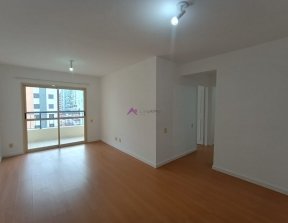 Apartamento para Locação na Chácara Klabin com 2 Dormitórios 1 Suíte 1 Vaga e Lazer Completo PP1714003.jpg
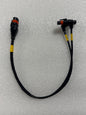 Auxiliary Bottom Light Signal Cable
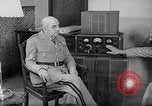 Immagine di Beynet generale Levant membri, 1945, secondo 20 filmato di repertorio 65675053942
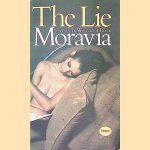 The Lie
Alberto Moravia
€ 10,00 The Lie
Alberto Moravia
€ 10,00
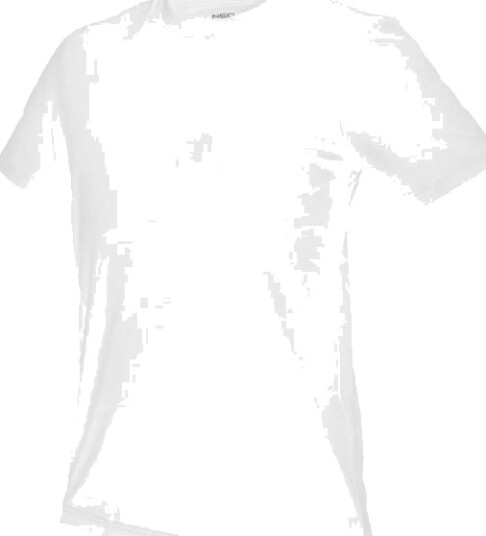 NEO TOOLS 81-646-XL T-skjorte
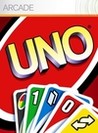 Uno Image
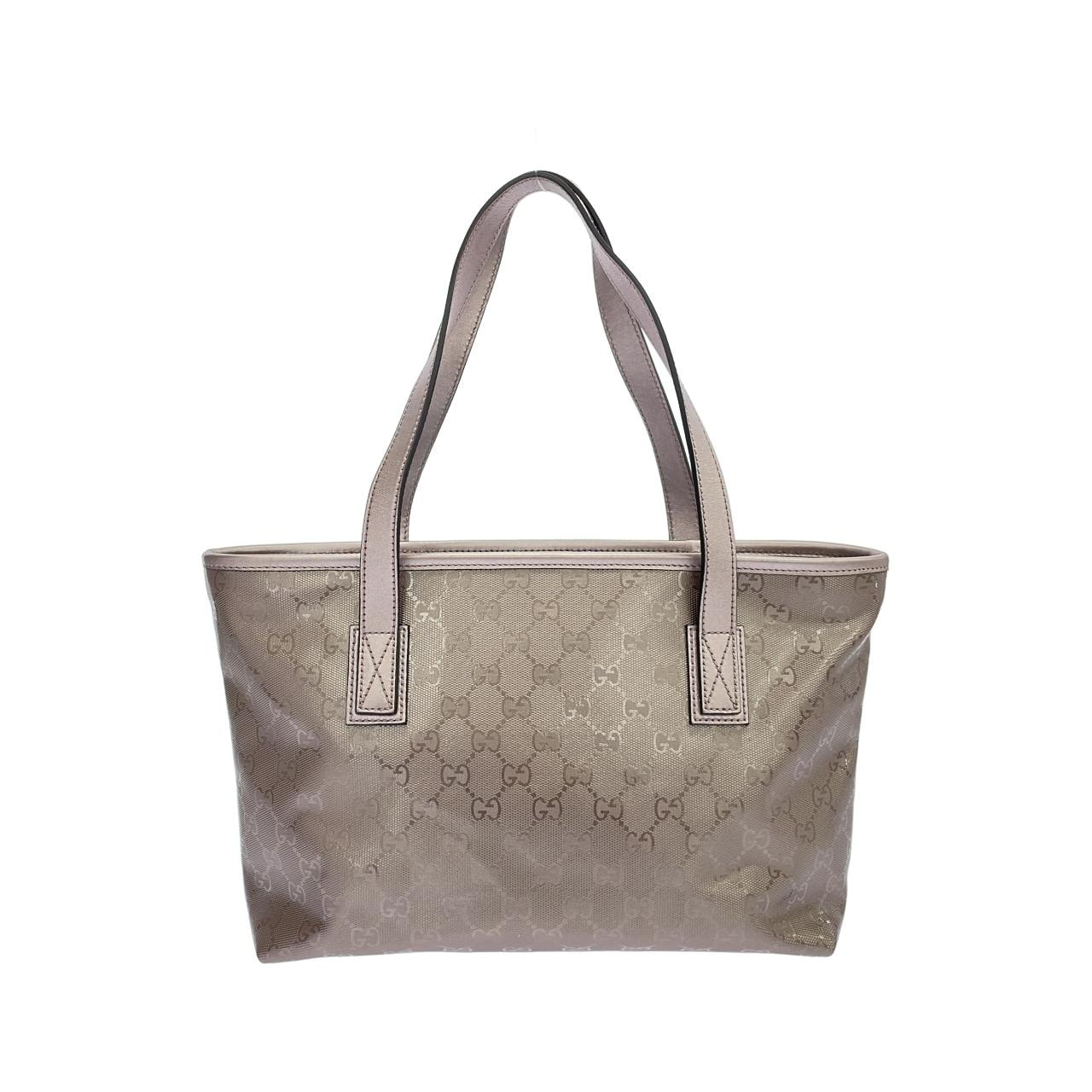 グッチ 211138 FU49N バッグ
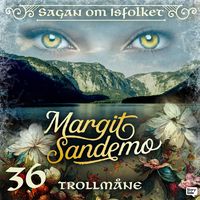 Produktbild: Trollm&aring;ne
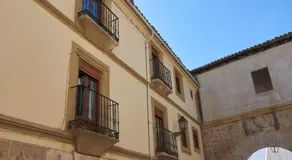 Casona Alcarria - Image 4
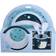 Sterntaler Polar Bear Elia Children's Tableware Set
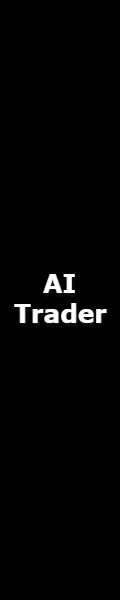 Purple trading AI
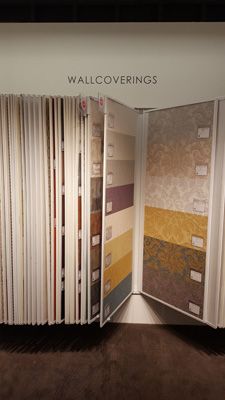 vinyl installation external application kneedler fauchere pacific design center.jpg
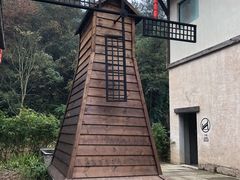 -壹华里·市集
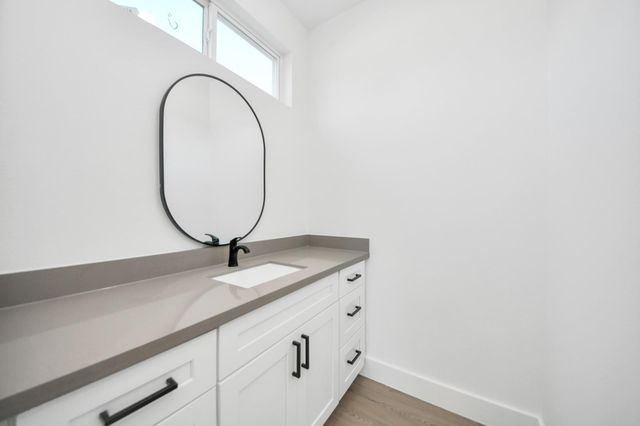 9021 Spaulding Street, Houston, TX 77016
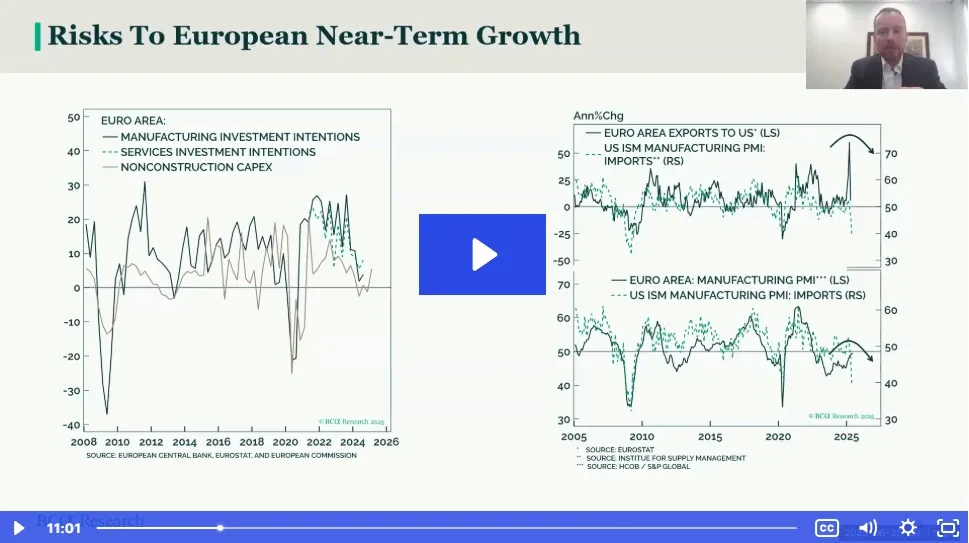 Mathieu_Jeremie_roundtable thumbnail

# YOUR INSTRUCTIONS
Everything from the first line of the records through the line containing "9021 Spaulding Street, Houston, TX 77016" should be reproduced exactly, apart from the pictures.

# THE COMPLETED TASK
 Apartamento para Locação na Chácara Klabin com 2 Dormitórios 1 Suíte 1 Vaga e Lazer Completo PP1714003.jpg
 Auxiliary Bottom Light Signal Cable
 Immagine di Beynet generale Levant membri, 1945, secondo 20 filmato di repertorio 65675053942
 The Lie
Alberto Moravia
€ 10,00 The Lie
Alberto Moravia
€ 10,00
 NEO TOOLS 81-646-XL T-skjorte
 Uno Image
 グッチ 211138 FU49N バッグ
 Produktbild: Trollm&aring;ne
 Casona Alcarria - Image 4
 Sterntaler Polar Bear Elia Children's Tableware Set
 Purple trading AI
 vinyl installation external application kneedler fauchere pacific design center.jpg
 -壹华里·市集
 9021 Spaulding Street, Houston, TX 77016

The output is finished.